There are substantial tax advantages in making a gift of crops that do not exist with the traditional type of charitable donation made with using a check or cash.

For example, Larry and Francine operate their family farm.  During 2014, they gave a total of $5,000 to their local church.  This amount was given to the church in the form of weekly checks. In order to obtain any tax benefit from the $5,000 donation, they must itemize their deductions for the year instead of claiming the standard deduction.  

For 2014, the standard deduction is $12,400 for a couple filing jointly. Larry and Francine will need a substantial amount of other itemized deductions in order to make it worthwhile to itemize their deductions rather than claim the standard deduction. Generally, if they don't itemize, there will not be any tax benefit from the usual cash-or-check $5,000 charitable donation.

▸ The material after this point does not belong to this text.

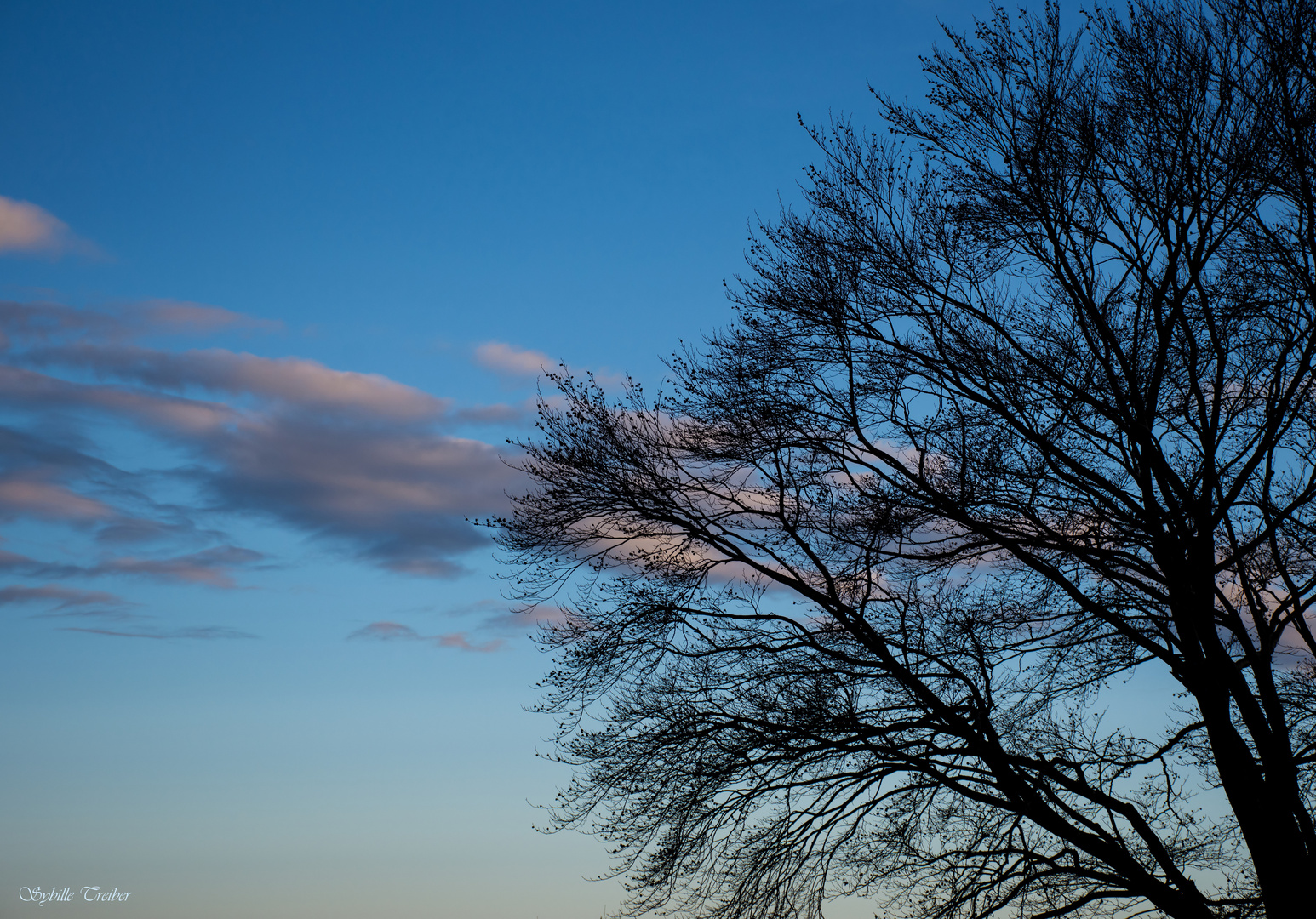 Dezemberbaum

However, if Larry and Francine instead give the church a gift of crops with a value of $5,000, the following advantages may exist:

  • The value of the donated crops is not included on Schedule F
  • The expenses associated with the production of the donated crops are deductible on Schedule F
  • There are no federal or state income taxes paid on the value of the donated crops
  • There is no self-employment tax paid on the value of the donated crops
  • Yield records are not affected by the donation

With a crop donation, tax savings from the donated crops will still exist whether Larry and Francine choose to itemize deductions for the year or claim the standard deduction. If it isn't worth itemizing deductions in 2014, Larry and Francine can claim the standard deduction of $12,400 and still obtain all of the tax advantages of the donated crops.

In addition, with self-employment taxes now at 15.3 percent, the overall tax savings from donated crops can be substantially higher than the tax savings that results from the ordinary cash-or-check type of donation, which generally does not provide a self-employment tax savings.